# [What to produce]
Retype the records below exactly as they stand, but with no images.

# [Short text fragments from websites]
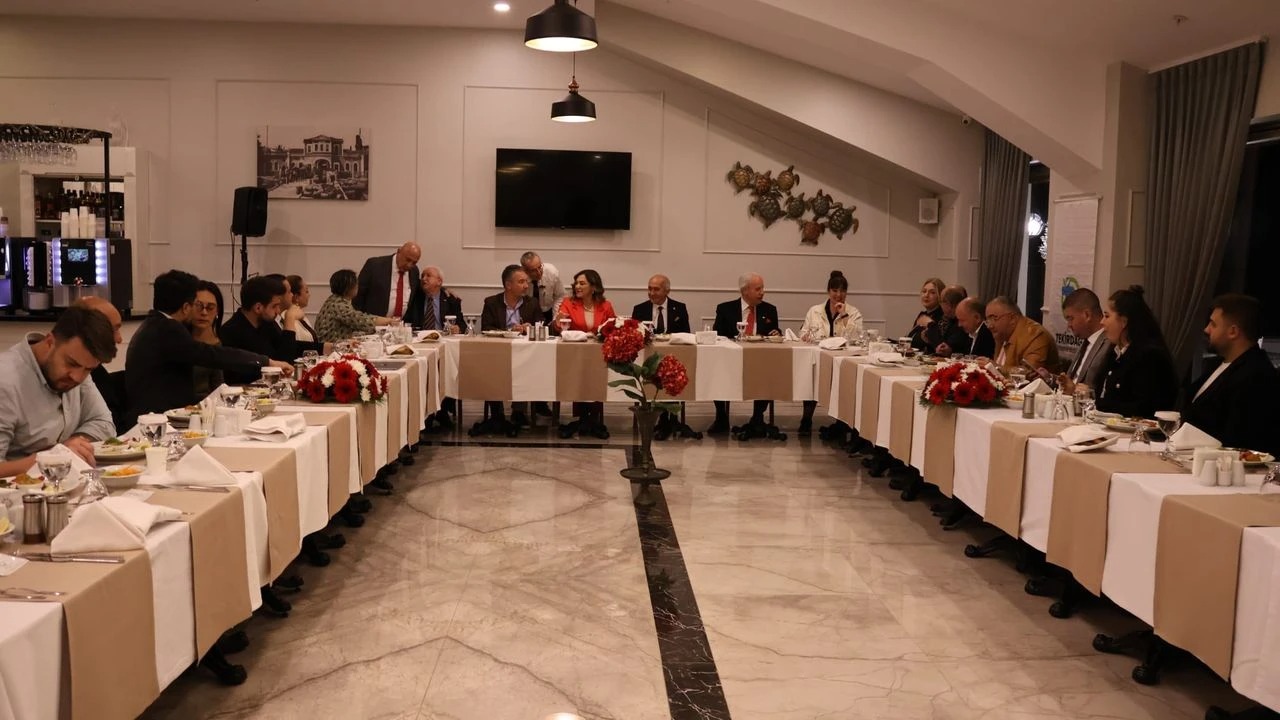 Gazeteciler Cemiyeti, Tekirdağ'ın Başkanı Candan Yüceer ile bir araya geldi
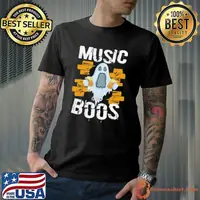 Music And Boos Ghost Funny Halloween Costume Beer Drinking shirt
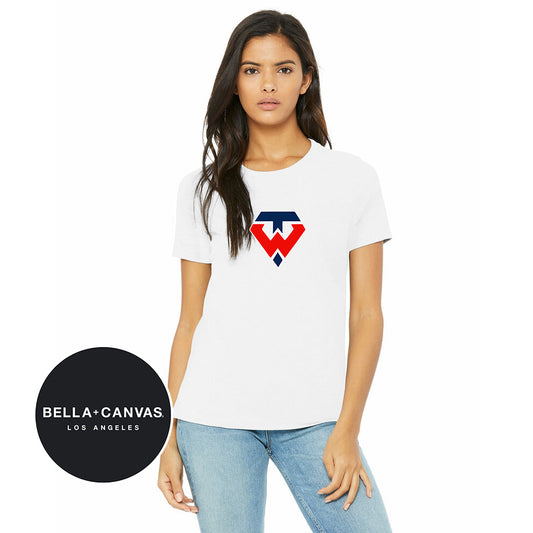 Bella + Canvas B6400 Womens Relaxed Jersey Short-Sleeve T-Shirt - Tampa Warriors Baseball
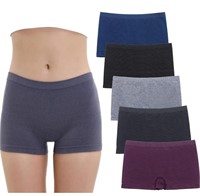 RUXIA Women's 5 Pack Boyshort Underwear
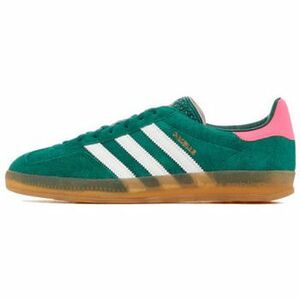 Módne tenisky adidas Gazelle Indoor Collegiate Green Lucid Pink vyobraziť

# [Response to this task]
 Gazeteciler Cemiyeti, Tekirdağ'ın Başkanı Candan Yüceer ile bir araya geldi
 Music And Boos Ghost Funny Halloween Costume Beer Drinking shirt
 Bella + Canvas B6400 Womens Relaxed Jersey Short-Sleeve T-Shirt - Tampa Warriors Baseball
 RUXIA Women's 5 Pack Boyshort Underwear
 Módne tenisky adidas Gazelle Indoor Collegiate Green Lucid Pink vyobraziť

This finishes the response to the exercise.